In the early 1600s, a group of people believing in the freedom of worship, fled England under the rule of King James I. During that time period, if anyone didn’t recognize the absolute civil and spiritual authority of The Church of England, they were imprisoned and in many cases executed for their beliefs. They first fled to Holland and after 11 years, decided to journey to the New World, or modern-day America. It was a dangerous journey with many hardships, but it was worth it to them since they could worship God as they chose!
On August 1, 1620, 102 Pilgrims under the leadership of William Bradford boarded the Mayflower and set sail. During the journey, Bradford set up an agreement called the Mayflower Contract, which established just and equal laws for all members of the new community, regardless of their religious beliefs. The ideas in the contract were revolutionary at the time, and were taken from the Old and New Testaments of the Bible. They were confident society needed to be based on these principles for future success.
When the Pilgrims landed in New England in November of 1620, they didn’t find a Walmart or Four Seasons to get started. Bradford’s journal states that it was cold, barren, and desolate. There was nothing! It was called New England by John Smith four years earlier, the same John Smith that is associated with Pocohontas and which Disney made some good money off of!
Unfortunately that first winter, half of the Pilgrims died either from starvation, sickness, or exposure, including Bradford’s wife. Thankfully, when spring came, the Indians they had befriended taught them how to plant corn, fish for cod, and skin beavers for coats. It was still a very tough life to live, but bearable. Although many stories end here and equate “The First Thanksgiving” as a thanksgiving feast for the Indians, it actually goes much deeper than that.

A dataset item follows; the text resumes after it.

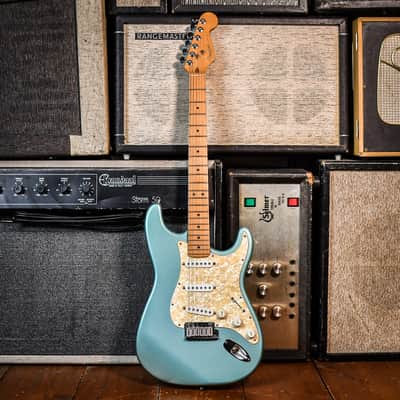 Fender Stratocaster Roadhouse Teal Green Metallic 1997 image 5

In 1621, the “First Thanksgiving” was a three-day feast celebrated by 53 Pilgrims and 90 Native Americans. The New England colonists were accustomed to regularly celebrating “thanksgivings” or days of prayer thanking God for blessings such as military victories, a good harvest, or the end of a drought.
Under Bradford’s leadership, each family got a plot of land to work and manage. He each gave them the incentive to reap what they sowed and to benefit from their individual responsibilities. They were not going back to Europe, it was do or die and they had to rely on their faith, each other, and themselves. They worked hard under the difficult environment, and they eventually paid off their lenders in London for the journey, were able to work with and share with the Indians, and had plenty left over!
Best of all, they were able to worship God as their conscience allowed, establishing true freedom of worship. This success and prosperity of the Plymouth settlement attracted more people in Europe and began the “Great Puritan Migration” where over a hundred and fifty years later, our founding fathers forged the documents that formally established the United States of America.
The first Thanksgiving feast was about William Bradford giving thanks to God for the guidance and the inspiration to set up a thriving colony. It was about working with the Indians and sharing with them the blessings. It was about taking the gigantic step of starting a new life under God and the establishment of the Mayflower Compact, the precursor to our Constitution, and one of the most revered documents in the World. It was about the risks and extremely difficult circumstances they had to overcome just to survive.
Through all of this, the greatest country was born, where any individual had the freedom of Life, Liberty, and the Pursuit of Happiness. George Washington in 1798 acknowledged that hard work and “Scripture…saved the day.” Abraham Lincoln later recognized the importance of Thanksgiving and “God’s blessings” and codified it as a National Holiday. It was about reminding us about the many things we have to be grateful for. It was about Thanksgiving for all that we have had, what we have now, and what we will have in the future!